Fernández no quiere quedarse solo tomando medidas antipáticas. No quiere repetir lo del último DNU que la mayoría de las provincias lo dejaron solo, al punto de privar a sus ciudadanos del bono de 15.000 por no adherir al decreto. El miércoles las cosas quedaron bastante claras: hay apoyo del interior pero con cierto margen de maniobra para las provincias. No todas están igual ni tienen el mismo nivel de tolerancia en sus sociedades.

Arriando cualquier bandera, el gobierno se dispuso a negociar de vuelta con Pfizer. Nunca se supo qué pasó y porqué se cayeron esas negociaciones. El laboratorio norteamericano sí impone su propia logística para el traslado de las vacunas y el seguimiento posterior. Sería insólito pensar que eso puede constituir una traba para la compra.
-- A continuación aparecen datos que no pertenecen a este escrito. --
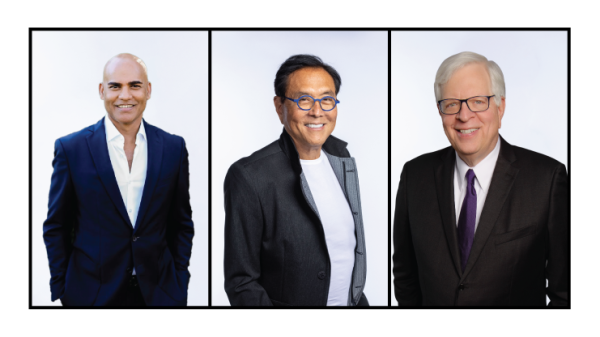 Collage of portraits of Radha Gopalan, Robert Kiyosaki and Dennis Prager, featured speakers at the Health, Wealth &amp; Happiness event presented by the T.W. Lewis Center for Personal Development at ASU.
Al mismo tiempo la Ministra Vizzotti le pidió explicaciones a Astra Zéneca porqué, hasta ahora, no ha llegado una sola vacuna de todas las que se compraron. ‘Seis’ meses dice el contrato, hasta mediados de año. Lo único que queda son las remesas que, por goteo, llegan de Rusia o de China. El Presidente sabe que las restricciones, su magnitud y duración, depende en buena parte de un aceleramiento de la campaña de vacunación. El otoño se va enfriando y con él aparecen las patologías habituales para esta época del año. El sistema de salud además, viene recibiendo desde principios de año, todas las patologías que la pandemia ocultó con la cuarentena. Es un callejón sin salida: o aparecen más vacunas y se apura la campaña o el confinamiento con matices será la única alternativa.

Ahí aparece el fantasma del nivel de acatamiento a las medidas y hasta dónde el estado está dispuesto a hacerlas cumplir. El miércoles, una manifestación en plena 9 de Julio en el Ministerio de Desarrollo Social, agotó la paciencia oficial. Y avisaron que no permitirán más entradas en masa a CABA desde la provincia para protestar. Fue una muestra apenas porque la circulación, sobre todo en el uso del transporte público, bajó pero no lo suficiente.

En el país llamado Argentina, la Corte aún no ha resuelto el entuerto de las clases presenciales. Con exasperante lentitud es probable que lo haga cuando la realidad ya se haya encargado de hacerlo. Tarde, como casi siempre, y a destiempo de las demandas de la sociedad. Y pasto para los que dicen que el Poder Judicial habita un mundo lejano del país llamado Argentina.

La trágica muerte del Ministro Meoni, abrió otro flanco de tironeos en el elenco oficial. El cargo reservado para el Frente Renovador de Sergio Massa todavía fue ‘loteado’ entre los principales socios del poder. Los que conocen la interna afirman que Meoni nunca pudo darle el perfil que quería a su ministerio, entre otras cosas por eso, más allá de la parálisis que implicó la pandemia.

De hecho, ese cargo tenía otro nombre y apellido, que no era Meoni. Pero los vetos de Cristina pudieron más, hasta que aceptó al hombre de Junín. Ahora, con él fallecido, se dio lugar por unos días a otra puja para definir su sucesor. Finalmente, Massa pudo retener ese lugar con un hombre de su confianza, Alexis Guerrera.

En la dinámica de hoy, no es necesario que Cristina hable. Ni siquiera un twit, ahora de moda. Basta que uno de sus hombres de confianza lleve el mensaje. Ni bueno ni malo. Así es hoy la dinámica del poder en la Argentina.